Chesapeake School Board spells out list of year's goals


CHESAPEAKE, Sep 14, 2010 (The Virginian-Pilot - McClatchy-Tribune Information Services via COMTEX) -- School officials have identified all-day kindergarten at every Chesapeake school as one of their goals for this year, along with a new science magnet program, technology upgrades and new partnerships with area businesses.



Those ideas and others were pitched by School Board members Monday night in an unusual planning session held to gather thoughts for the division's goals as it opens a fresh chapter with a new superintendent.

Board members were quick to say it all would depend on funding. But if the economy recovers and the division can make some changes, these are the ones they'd like to see.


High on the list was curbing bullying, and Superintendent James Roberts said he's already working on several anti-bullying programs, including one in conjunction with the Sheriff's Office.

Most board members were adamant that the schools look into the cost of all-day kindergarten. Right now, only Chesapeake's low-income elementary schools, designated by federal Title I status, enroll kindergartners all day. The rest have half-day kindergarten.

Roberts added that the division should look at expanding its prekindergarten programs, which presently serve mostly low-income children.

"It's something we at least need to put a price tag on," he said.

Roberts said he's also working on a new science and medicine magnet program for Deep Creek High School, building relationships with community businesses, and switching the division's computers over from the old Novell operating system to one developed by Microsoft.

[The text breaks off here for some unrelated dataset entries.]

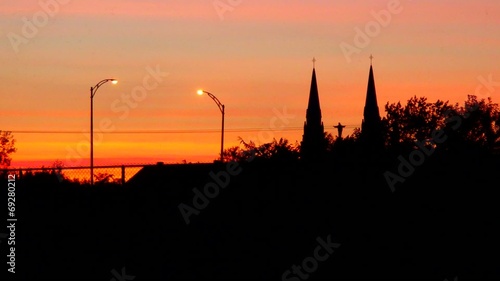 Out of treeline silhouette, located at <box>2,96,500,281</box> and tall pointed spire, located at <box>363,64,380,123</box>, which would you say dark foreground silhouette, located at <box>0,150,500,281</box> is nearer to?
treeline silhouette, located at <box>2,96,500,281</box>

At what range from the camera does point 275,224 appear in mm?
20766

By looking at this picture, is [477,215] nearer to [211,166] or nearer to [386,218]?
[386,218]

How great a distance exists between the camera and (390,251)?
63.2ft

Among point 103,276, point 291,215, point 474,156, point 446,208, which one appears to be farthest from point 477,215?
point 103,276

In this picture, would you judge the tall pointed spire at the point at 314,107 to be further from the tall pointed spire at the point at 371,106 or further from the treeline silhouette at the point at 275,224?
the treeline silhouette at the point at 275,224

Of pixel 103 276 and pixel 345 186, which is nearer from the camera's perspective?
pixel 103 276

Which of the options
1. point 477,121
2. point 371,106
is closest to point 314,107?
point 371,106

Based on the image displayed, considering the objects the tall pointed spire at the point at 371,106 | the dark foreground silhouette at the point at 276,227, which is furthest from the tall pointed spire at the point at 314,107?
the dark foreground silhouette at the point at 276,227

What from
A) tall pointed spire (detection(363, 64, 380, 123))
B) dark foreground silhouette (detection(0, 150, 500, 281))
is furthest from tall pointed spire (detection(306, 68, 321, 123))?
dark foreground silhouette (detection(0, 150, 500, 281))

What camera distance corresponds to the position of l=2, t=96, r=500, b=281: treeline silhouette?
59.4 ft

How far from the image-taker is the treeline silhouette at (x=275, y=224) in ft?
59.4

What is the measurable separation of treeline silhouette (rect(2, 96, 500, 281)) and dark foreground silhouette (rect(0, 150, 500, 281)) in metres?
0.03

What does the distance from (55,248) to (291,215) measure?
562 cm

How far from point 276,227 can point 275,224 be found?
0.21 metres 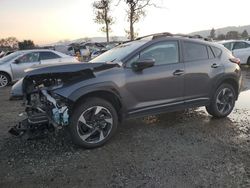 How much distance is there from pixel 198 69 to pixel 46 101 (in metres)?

Jay Leftwich, vice president of the board, said he would like to see the schools work on student behavior by teaching character and sportsmanship, and bring back some reading incentives.

Christina Pullen said the schools need to take a hard look at their special education program, which last year was criticized for exempting students from standardized testing at an unusually high rate.

Fellow board member Brenda Johnson said she would like to rezone overcrowded schools more often and start students learning foreign languages at younger ages, as schools in other countries do.

"We need to step it up," Johnson said. "We are a good school system, but we need to be a great school system." To see more of the The Virginian-Pilot, or to subscribe to the newspaper, go to http://www.pilotonline.com. Copyright (c) 2010, The Virginian-Pilot, Norfolk, Va. Distributed by McClatchy-Tribune Information Services. For more information about the content services offered by McClatchy-Tribune Information Services (MCT), visit www.mctinfoservices.com, e-mail services@mctinfoservices.com, or call 866-280-5210 (outside the United States, call +1 312-222-4544).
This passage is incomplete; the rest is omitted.